Former Congressman Beto O’Rourke (D-Texas) claimed the true founding of the United States was not in July of 1776, but in 1619 when the first slaves were sent to the colonies.
During the third round of presidential primary debates on ABC Thursday night, O’Rourke was asked about how he is the “most qualified” candidate to address racial division in the United States, given that he is a white male from a wealthy family.
O’Rourke responded by discussing America’s founding, specifically pointing to August 20, 1619, when the first shipment of slaves arrived in the U.S. The year 1619 has been the focus of a recent series by The New York Times about racism in the U.S.
Clearly a fan of the project, O’Rouke used the debate stage to explain why he believes 1619 is the true founding of the United States, noting that racism is “foundational” in the United States.

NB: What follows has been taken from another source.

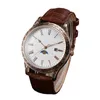 Top Luxury Brand Men's Quartz Watch Business Leisure Star Moon Calendar Leather Watches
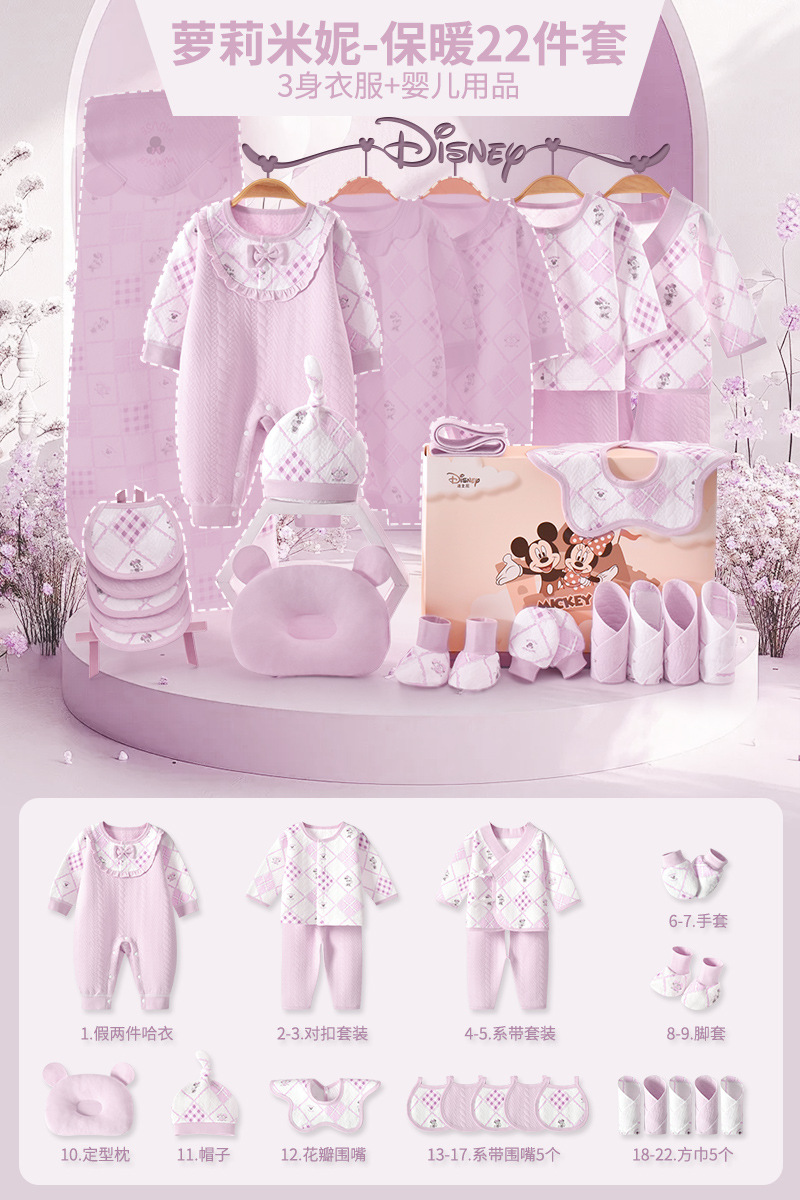 ディズニー ベビーギフトボックス 新生児服 純綿セット 新生児 女の子 満月祝いギフト 高級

Watch O’Rourke’s comments:
“Racism in America is endemic. It is foundational. We can mark the creation of this country not at the fourth of July, 1776, but August 20, 1619, when the first kidnapped African was brought to this country against his will, and in bondage as a slave, and built the greatness and the success and the wealth that neither he nor his descendants would be able to fully participate in and enjoy. We have to be able to answer this challenge, and it is found in our education system, where in Texas, a 5-year-old child in kindergarten is five times as likely to be disciplined or suspended or expelled based on the color of their skin. In our health care system, where there’s a maternal mortality crisis, three times as deadly for women of color, or the fact that there’s ten times the wealth in white America than there is in black America.”
O’Rouke claimed that he would support Rep. Sheila Jackon Lee‘s (D-Texas) bill to further study the idea of paying back Black Americans for slavery, commonly known as reparations.
The former congressman is not the only 2020 candidate to propose reparations. As IJR previously reported, Marianne Williamson also proposed spending $500 billion on reparations to the black community to repay for slavery and discrimination that followed in the Jim Crow era.